• EXERCISE BRIEF
From the data below, return the exact lines starting at the line containing "Physician Presenter Disclaimer" and ending at the line containing "比特币概念股走低 Coinbase跌超2.6%-第1张图片-十倍杠杆-股票杠杆", both included, and nothing else.

• SOURCE INFORMATION
== Segment start ==
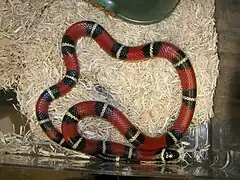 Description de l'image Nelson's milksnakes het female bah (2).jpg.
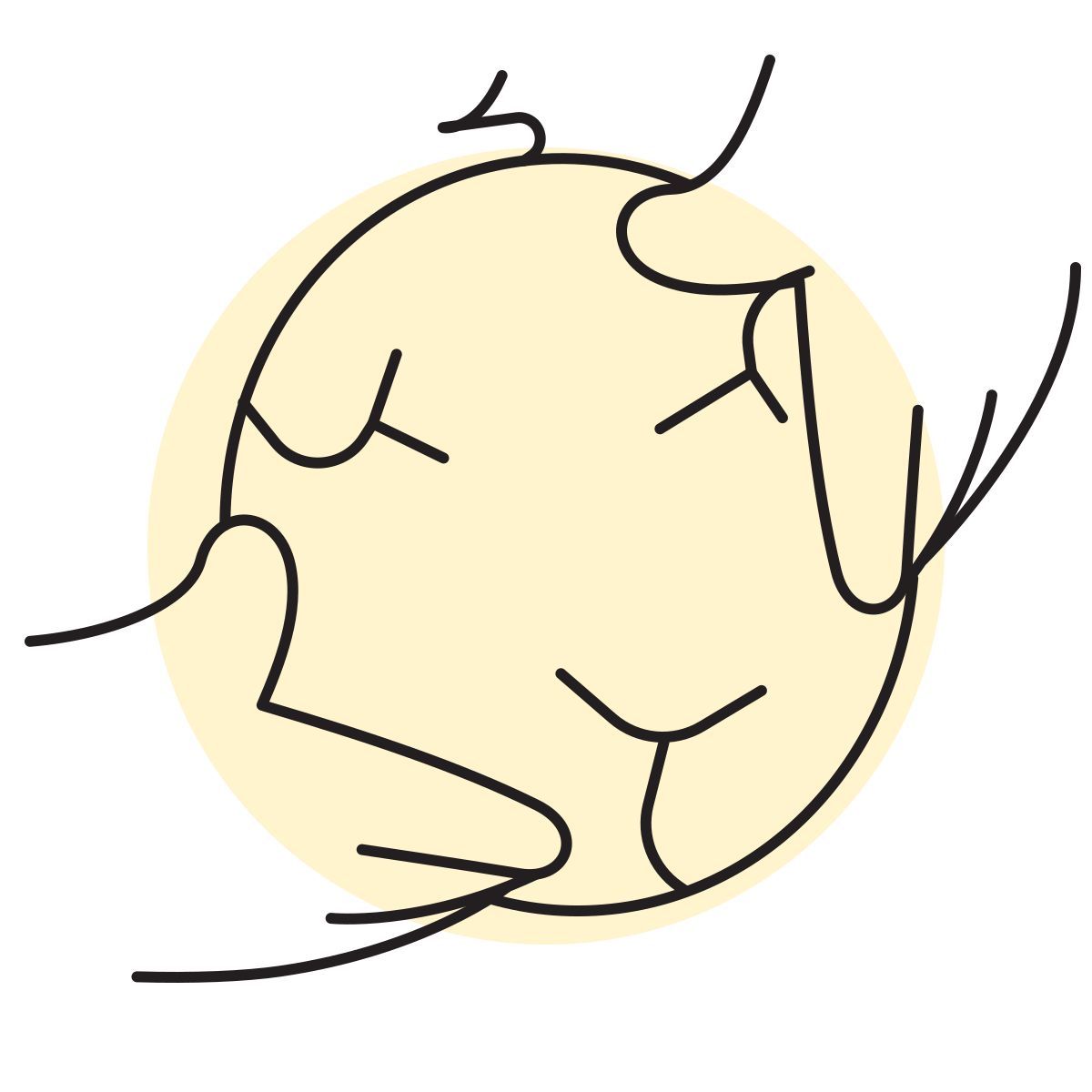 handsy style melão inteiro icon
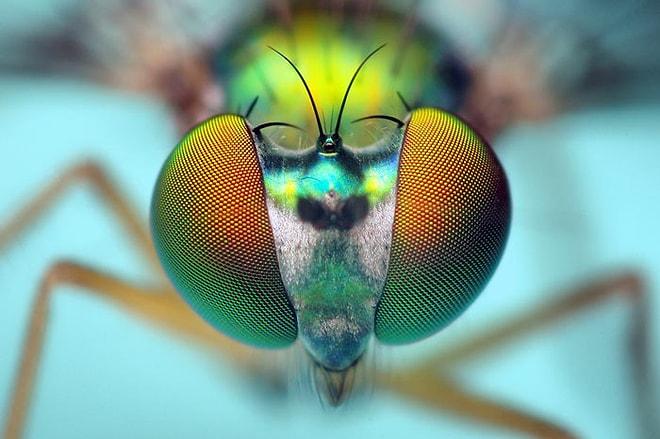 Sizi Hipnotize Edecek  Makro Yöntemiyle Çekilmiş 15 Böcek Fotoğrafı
== Segment end ==
== Segment start ==
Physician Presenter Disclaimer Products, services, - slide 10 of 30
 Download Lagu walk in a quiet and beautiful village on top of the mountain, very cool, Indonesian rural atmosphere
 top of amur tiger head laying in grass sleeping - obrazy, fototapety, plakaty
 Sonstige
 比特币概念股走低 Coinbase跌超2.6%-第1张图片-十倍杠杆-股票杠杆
== Segment end ==
== Segment start ==
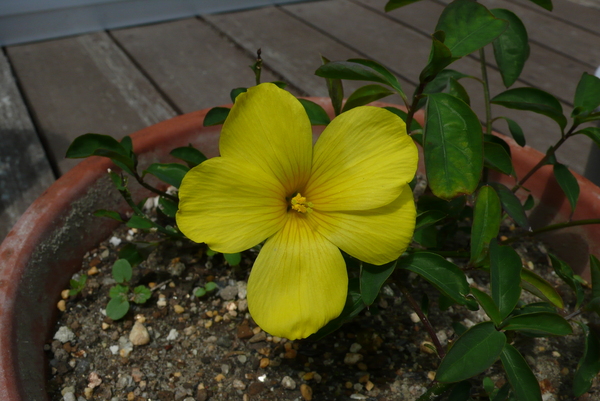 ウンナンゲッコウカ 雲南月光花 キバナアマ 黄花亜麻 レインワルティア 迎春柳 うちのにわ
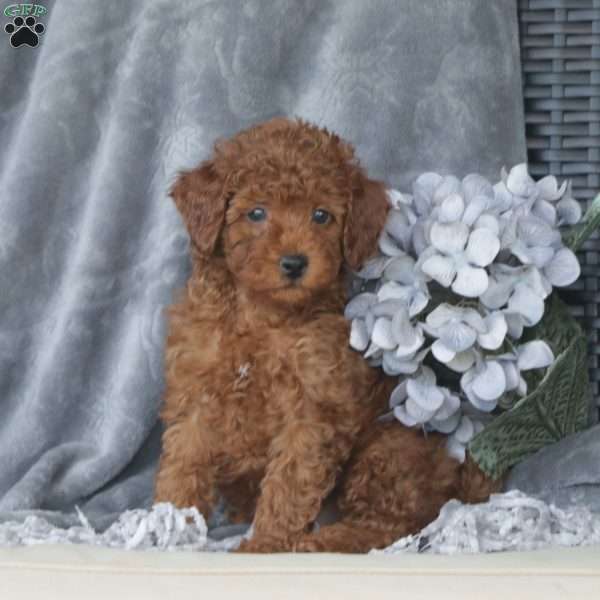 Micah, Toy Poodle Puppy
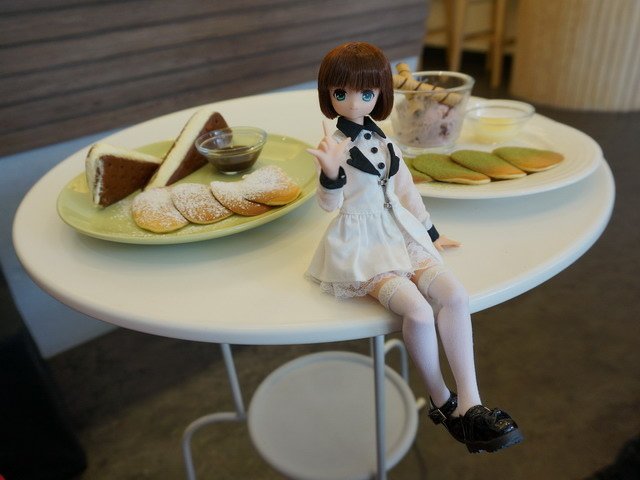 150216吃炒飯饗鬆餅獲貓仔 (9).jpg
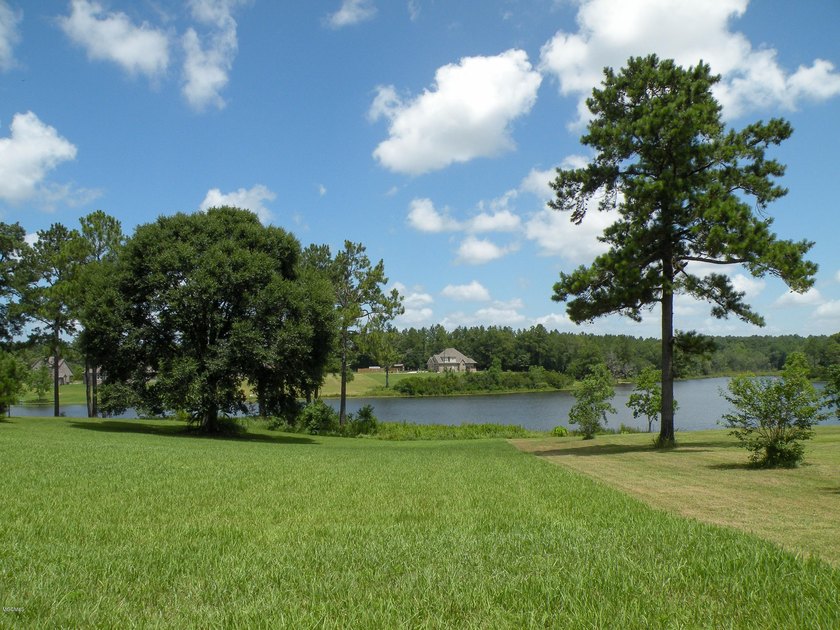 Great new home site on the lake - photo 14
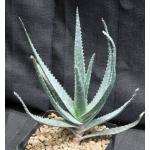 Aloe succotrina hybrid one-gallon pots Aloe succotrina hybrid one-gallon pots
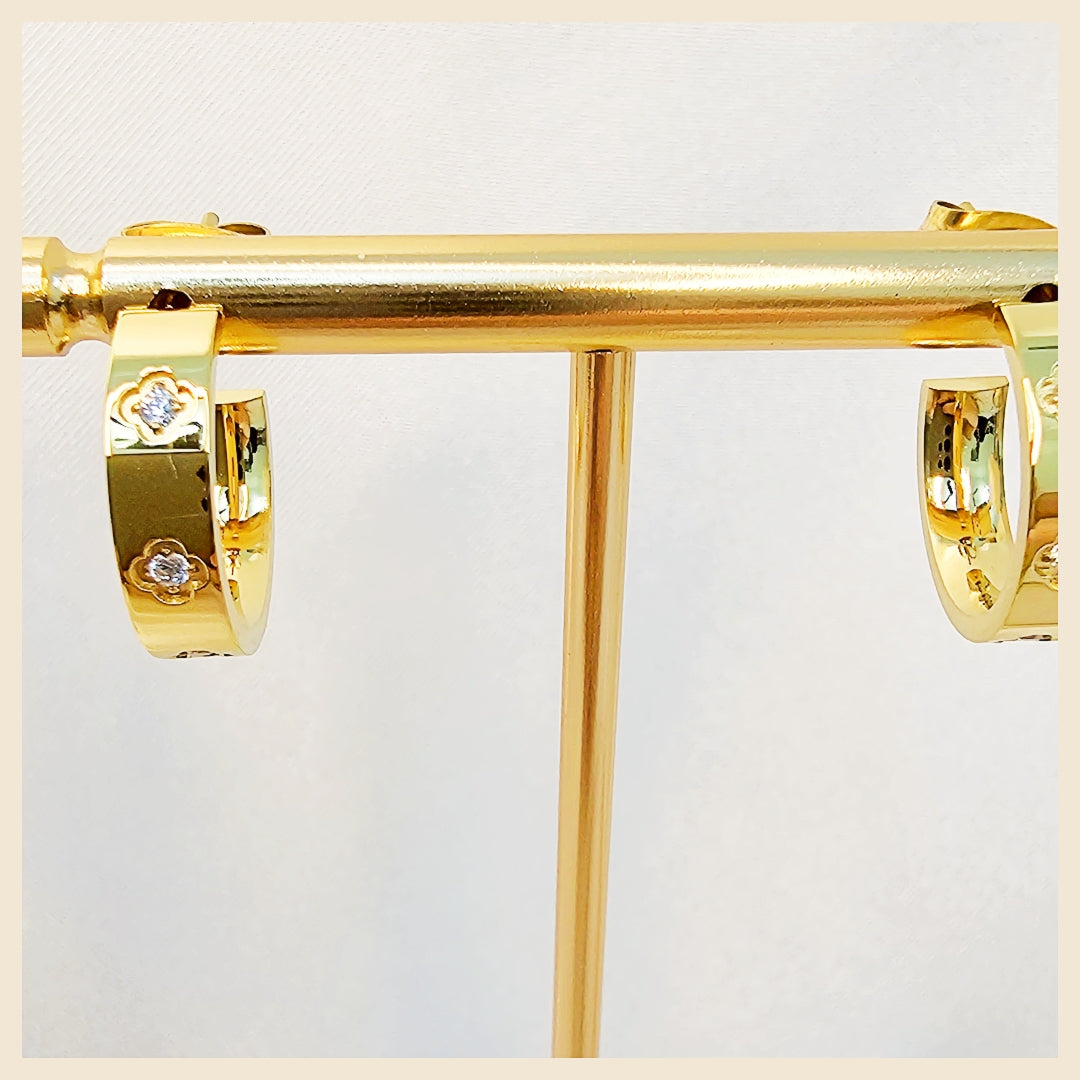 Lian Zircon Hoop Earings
== Segment end ==
• SOLUTION
Physician Presenter Disclaimer Products, services, - slide 10 of 30
 Download Lagu walk in a quiet and beautiful village on top of the mountain, very cool, Indonesian rural atmosphere
 top of amur tiger head laying in grass sleeping - obrazy, fototapety, plakaty
 Sonstige
 比特币概念股走低 Coinbase跌超2.6%-第1张图片-十倍杠杆-股票杠杆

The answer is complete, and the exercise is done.